It, as observed in times seventy-five years ago, and much earlier, was a holy convocation of all the remnants of the Indian tribes of Long Island, and the negroes and colored people connected with them, on the first or second Sabbath of June, for purposes of religious worship. In former days, a delegation from New England was usually present; but in more recent years it has been confined to residents of the Island. The place of meeting was either Poosepatuck or Shinnecock. The whole day was spent in the exercises of religious worship; in connection with which the Lord’s Supper was celebrated. But it could not be confined exclusively for the benefit of those for which it was intended. There were years when June Meeting became the resort of hundreds of giddy and thoughtless youth of both sexes, who assembled from all parts of the Island, within 20 or 30 miles, for the mere purpose of diversion and dissipation.
The June Meeting was made a scene of tumult and confusion; others of the white population, to their disgrace, from lust or lucre, embraced the occasion as an opportunity for merchandising and worldly gain. The whole country, for miles around, exhibited the confusion of a general training or a country fair. The holy Sabbath was, from morning till night, polluted with bare-faced profanation. This disgrace of such unhallowed proceedings belong entirely to the white people.
The conduct of the colored people was marked with singular propriety and circumspection. Those coming from a distance, performed their journey on the preceding day and returned home in the succeeding week. They enjoyed the privilege of social intercourse with friends and relatives, besides securing the rest and quiet of the holy Sabbath.

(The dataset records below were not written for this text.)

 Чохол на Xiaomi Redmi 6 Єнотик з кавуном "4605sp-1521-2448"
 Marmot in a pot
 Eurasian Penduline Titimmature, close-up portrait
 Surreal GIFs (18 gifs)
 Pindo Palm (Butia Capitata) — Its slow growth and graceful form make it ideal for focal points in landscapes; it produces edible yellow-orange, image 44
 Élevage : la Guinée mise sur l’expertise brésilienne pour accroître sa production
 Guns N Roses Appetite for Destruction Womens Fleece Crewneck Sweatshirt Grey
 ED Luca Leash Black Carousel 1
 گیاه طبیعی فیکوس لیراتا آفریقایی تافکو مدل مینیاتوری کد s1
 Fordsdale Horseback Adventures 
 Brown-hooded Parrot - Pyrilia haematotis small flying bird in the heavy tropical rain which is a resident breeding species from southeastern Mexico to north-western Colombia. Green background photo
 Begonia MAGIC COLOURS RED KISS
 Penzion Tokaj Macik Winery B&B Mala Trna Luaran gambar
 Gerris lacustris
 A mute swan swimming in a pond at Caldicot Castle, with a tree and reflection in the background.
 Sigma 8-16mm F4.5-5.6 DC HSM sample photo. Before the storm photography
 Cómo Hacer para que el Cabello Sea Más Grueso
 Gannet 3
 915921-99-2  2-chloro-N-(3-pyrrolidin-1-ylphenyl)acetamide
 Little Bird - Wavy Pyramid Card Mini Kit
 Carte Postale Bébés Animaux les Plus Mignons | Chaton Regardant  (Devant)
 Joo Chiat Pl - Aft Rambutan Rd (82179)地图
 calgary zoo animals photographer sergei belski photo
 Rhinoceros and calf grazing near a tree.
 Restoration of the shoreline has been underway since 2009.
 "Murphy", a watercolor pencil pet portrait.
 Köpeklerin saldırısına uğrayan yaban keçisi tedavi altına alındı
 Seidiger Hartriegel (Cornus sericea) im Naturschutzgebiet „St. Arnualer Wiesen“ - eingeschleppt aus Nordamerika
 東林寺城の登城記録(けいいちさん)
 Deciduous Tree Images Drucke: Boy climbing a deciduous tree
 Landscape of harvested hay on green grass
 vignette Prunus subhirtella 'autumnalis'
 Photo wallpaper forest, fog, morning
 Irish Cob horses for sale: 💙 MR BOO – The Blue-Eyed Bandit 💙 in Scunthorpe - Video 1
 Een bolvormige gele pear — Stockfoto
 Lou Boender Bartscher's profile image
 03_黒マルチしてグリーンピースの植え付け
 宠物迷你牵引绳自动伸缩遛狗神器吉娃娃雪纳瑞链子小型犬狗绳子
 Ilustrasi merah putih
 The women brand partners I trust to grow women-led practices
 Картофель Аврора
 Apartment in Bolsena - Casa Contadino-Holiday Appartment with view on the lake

But for the annoyances of those who took no interest in the religious exercises of the meeting, it would have been both a pleasant and profitable season for souls.
How Indians Celebrated June Meeting
A News story in a New York City paper describes June Meeting of 1871 in a somewhat sensational style as follows:
Sunday, the annual June festival of the tribes of Indians quartered in Shinnecock Hills, Long Island, was witnessed by a vast concourse of whites. At 10 o’clock everything for the ceremony was in readiness, and King David Pharoah, Chief of the tribe, moved forth from his tent with a large and dirty protocol in his hand. He was followed by five men, who assisted him to a stand decorated with forest flowers. From each of the many cabins came women and children, all humming an Indian song of worship. When they had assembled before the King’s throne, they sang in chorus a hymn. This finished, all bent one knee, and an old white man began to pray. This man lives with the tribes, and is recognized as the great medicine man. His prayer was long and loud. After the prayer the assemblage began to shout another hymn and moved around the throne.
When this had been concluded, King David with his protocol arose and made divers motions in the air. He then began to speak, and, becoming excited, the perspiration rolled down his cheeks. He talked about the Great Spirit, the happy hunting grounds, the departed braves, the prosperity of the tribes, gave some advice to whites that he said might save their scalps, and ended with a blessing upon the assembled group.
Fires were then lighted. The aborigines formed in procession and marched around them, each one throwing in a piece of evergreen. This concluded the exercises. In the afternoon the Indian sports were greatly enjoyed by the children. The Indians worship but once a year, on the first Sunday in June, unless some itinerant preacher comes along.
King David is an oddity. He is tall and stoops, though he is stout and powerful. His eyes are peculiar, one being a brown, the other a mixed gray, one bright and the other dull. He was stung by a bee some time ago. The brown eye was completely closed, and he had to be led about by a children. He is about 45 years of age. The protocol which he carried has been handed down for three generations and was at one time in possession of the Montauk Tribe.
More fortunate than the Montauk Indians, the Shinnecock tribe retains land for reservation. But then the courts have declared that there is no “tribe” of Montauks. When the white man bargained for the Montauks land, the Indians reserved the right to occupy certain tracts forever; but cruel Narragansett foes attacked the tribe, and they were decimated by smallpox; there were not enough pure-blood squaws to carry forward Nature’s processes of reproduction, and the white man had shrewdly written in the contract a clause forever forbidding strange Indians living at Montauk and to forever debar and exclude “all mustees or mullattors that have Indian squaws to their mother natives of Muntock for to have any right or to live therair, preventing all differences and disputes hereafter in any case any native squaw shall marry a stranger Indian or forrener she or they shell forfeit and quit all theair Right title or Clame on said land, neither shall theair children have any Right or title or clame.”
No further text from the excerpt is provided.